[PROBLEM TO SOLVE]:
Could the listing below be reproduced exactly, minus its pictures?

[RECORDS FOR THE TASK]:
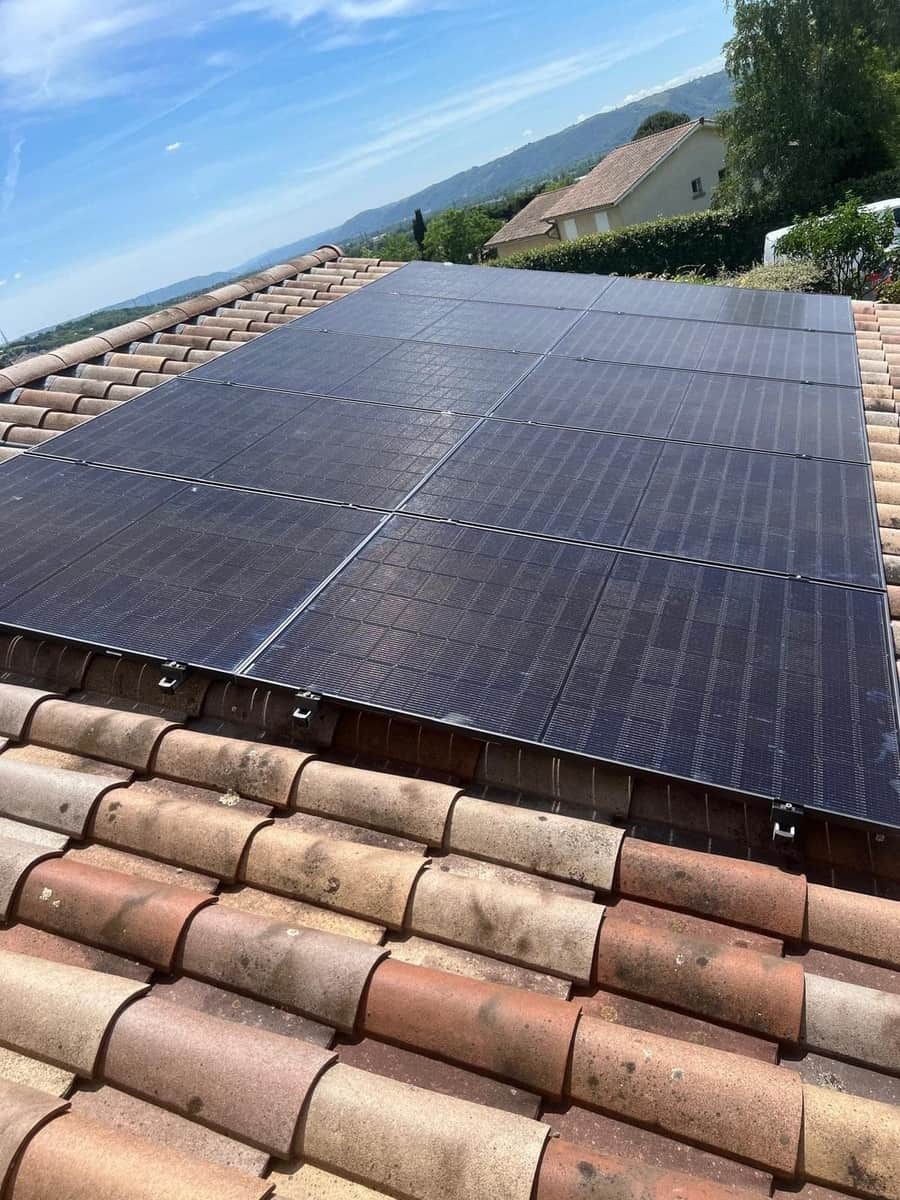 Panneaux photovoltaïques sur toiture avec vue sur les montagnes, par FPC Habitat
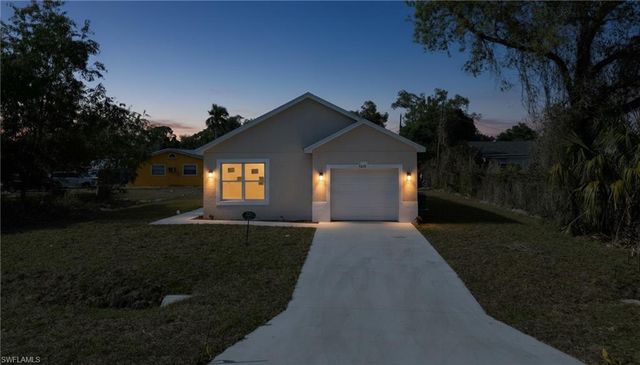 2173 Mitchell CT, Fort Myers, FL 33916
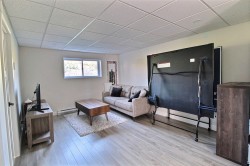 Family Room - 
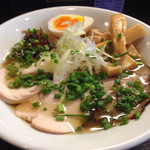 淡麗鶏そばしょうゆ鶏チャーシュー、メンマトッピング1130円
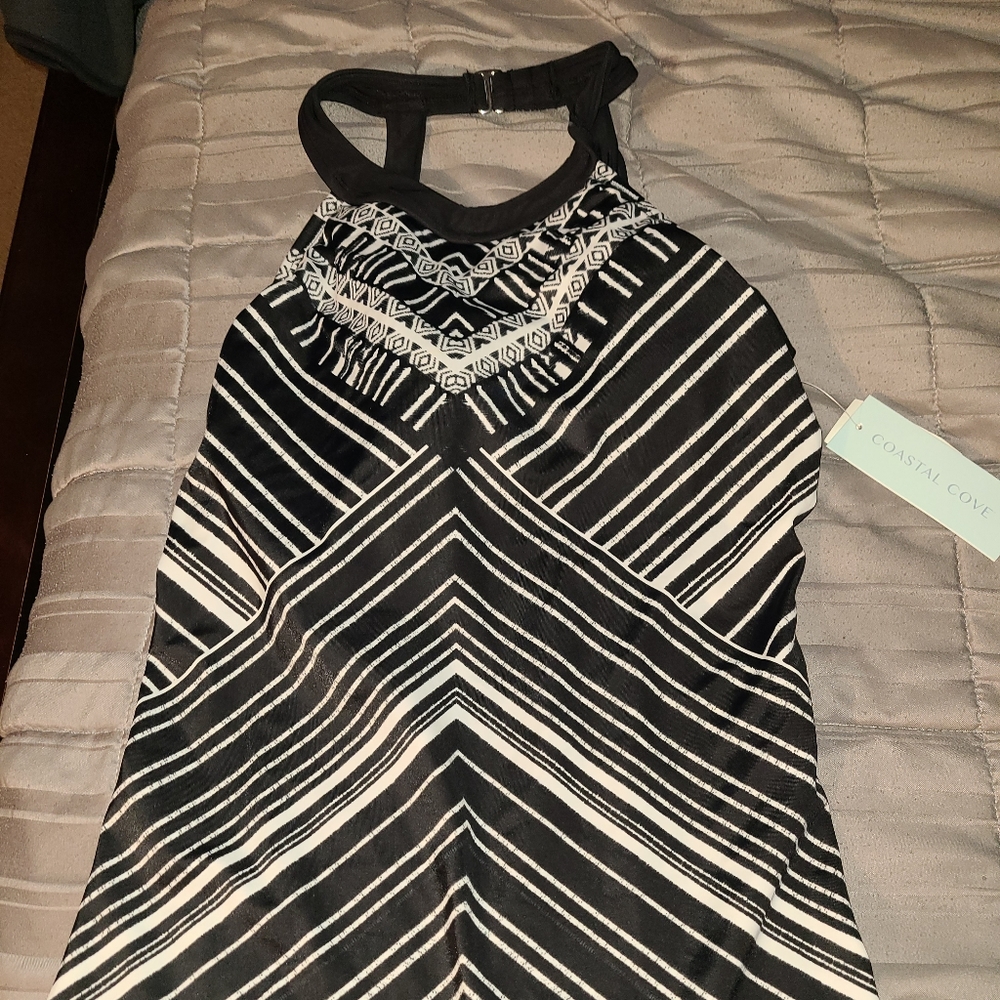 NWT!! Bathing Suit Top! BLACK & WHITE Halter Tankini NWT!! - Picture 1 of 8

[EXERCISE ANSWER]:
 Panneaux photovoltaïques sur toiture avec vue sur les montagnes, par FPC Habitat
 2173 Mitchell CT, Fort Myers, FL 33916
 Family Room - 
 淡麗鶏そばしょうゆ鶏チャーシュー、メンマトッピング1130円
 NWT!! Bathing Suit Top! BLACK & WHITE Halter Tankini NWT!! - Picture 1 of 8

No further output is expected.